# Guimond Probability of Occurrence



## JTW2007 (Jul 21, 2009)

So, I'm trying to learn Guimond, and I was wondering if anyone knows what cases have the highest chance of occurring (this is for the second step in Guimond), just so I could have some sort of sequence to learn the algs in. I didn't see this anywhere on the wiki or in any threads. Does anyone have this information?


----------



## Lucas Garron (Jul 21, 2009)

The probabilities occur with the same relative frequencies as MGLS I and Im and C cases.

Just go by symmetries. All of them are equally likely but the (less likely) rotor, pinwheel, and double-Sune (and solved).


----------



## JTW2007 (Jul 21, 2009)

You just made me realize that Guimond is a lot like MGLS. Cool, and thanks.


----------



## Swordsman Kirby (Jul 25, 2009)

JTW2007 said:


> You just made me realize that Guimond is a lot like MGLS. Cool, and thanks.
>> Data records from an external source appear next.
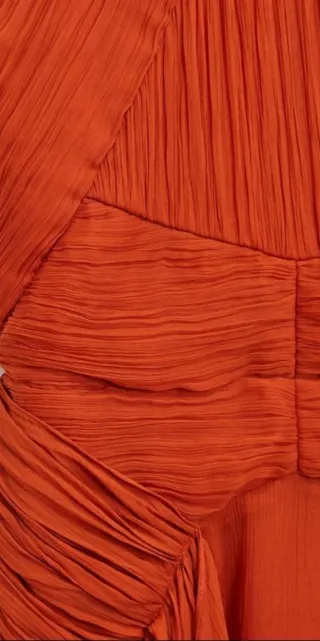 Vestido largo naranja falda a capas fiesta/boda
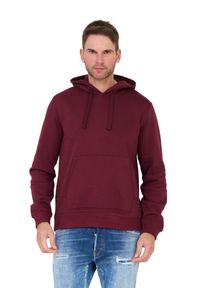 Guess - GUESS Bordowa męska bluza, Rozmiar S. Typ kołnierza: kaptur. Kolor: czerwony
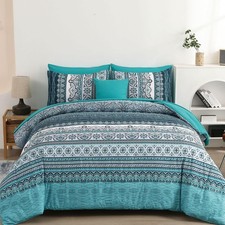 8-piece quilt set, blue-green striped bedding set, microfiber bedding set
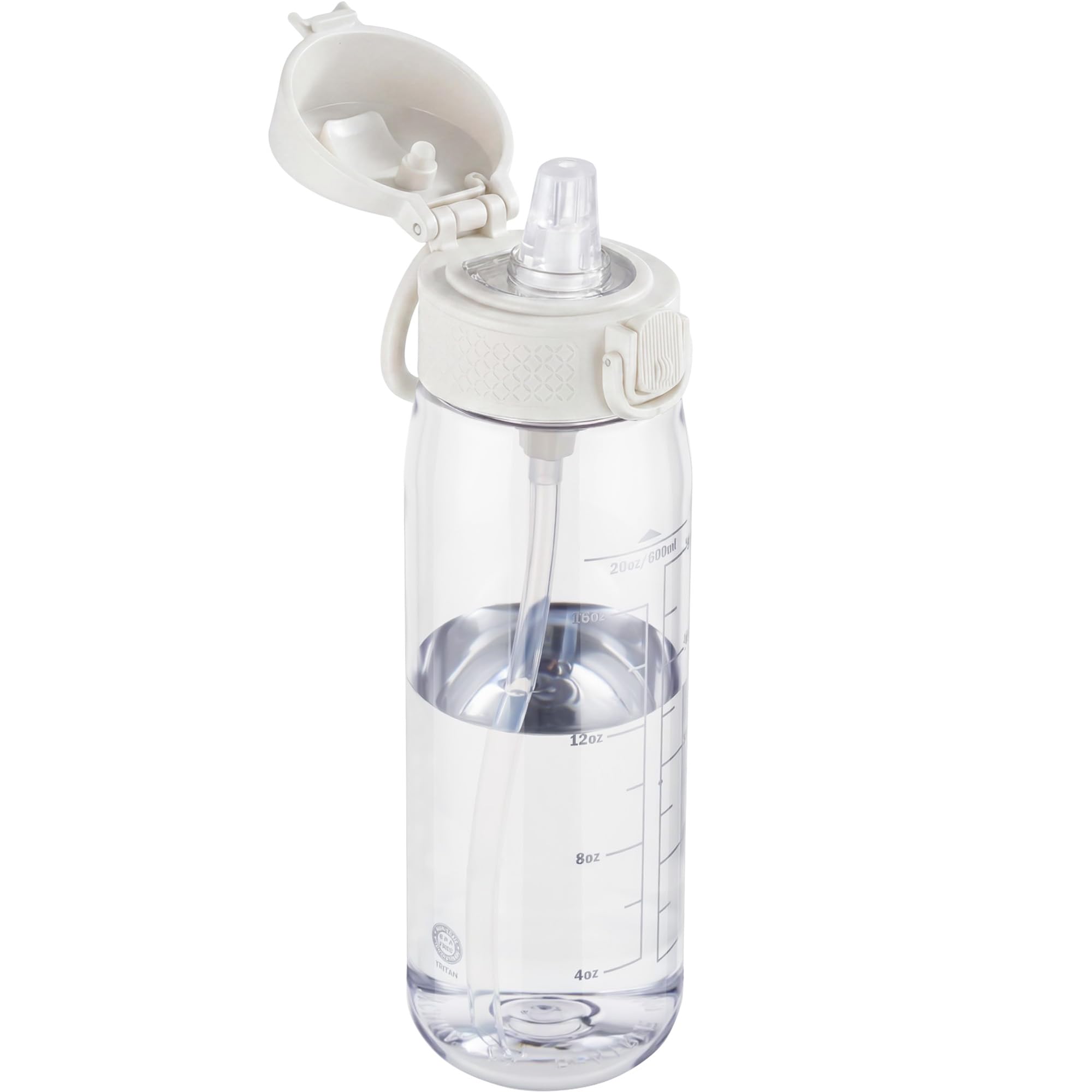 OLDLEY 600ml/20oz Water Bottles with Straw Leakproof Tritan Water Bottle with Handle BPA Free Time Marker Sports Drinking Bottle for School, Travel, Sports (Transparent)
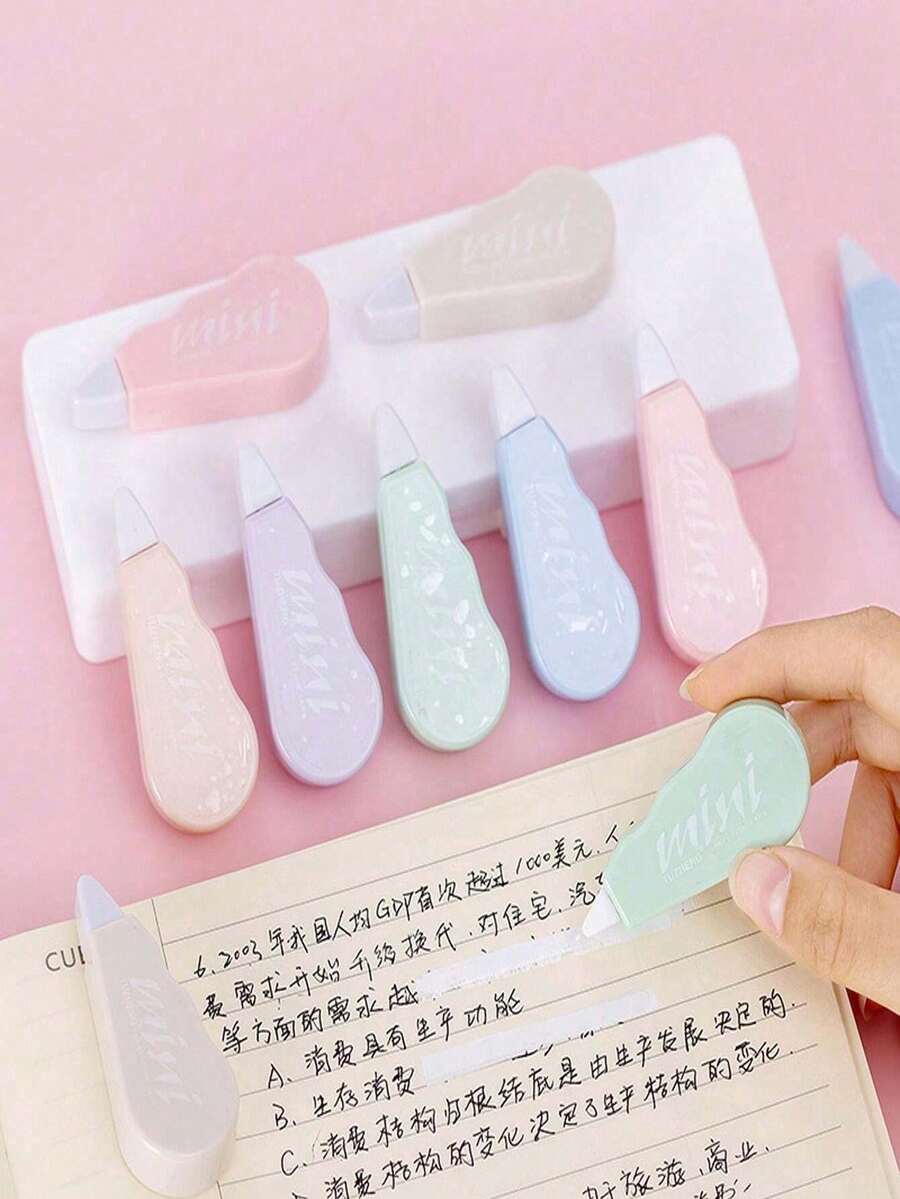 6pcs/1pc Macaron Transparent Correction Tape, Mini Student Instant-Use Correction Tape, Student Doodle Pink Purple Green Blue White Correction Tape, Instant Correction, Cute Candy-Colored Mini Student Correction Tape, Easy To Carry, Suitable For Graduation And Enrollment Gifts, Student And Office Back To School Use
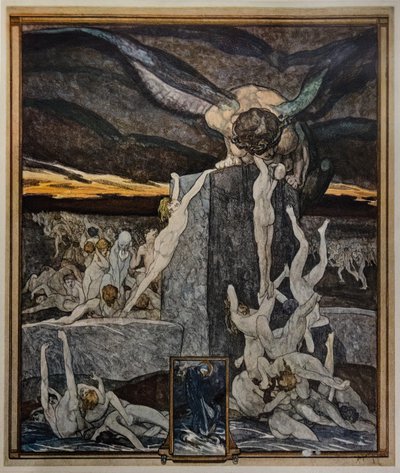 The Simoniacs, Helvede, canto XIX af Franz von Bayros (1866 1924)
Not really... at least not like SS.


----------



## puzzlemaster (Jul 25, 2009)

Swordsman Kirby said:


> JTW2007 said:
> 
> 
> > You just made me realize that Guimond is a lot like MGLS. Cool, and thanks.
> ...



well idk the corners are both twisted...but then both layers have to be permuted lol.


----------



## JTW2007 (Jul 25, 2009)

puzzlemaster said:


> Swordsman Kirby said:
> 
> 
> > JTW2007 said:
> ...



Yeah, it is unlike MGLS in that you don't care about permutation of the first layer, and the corner is already in the correct slot before you orient.


----------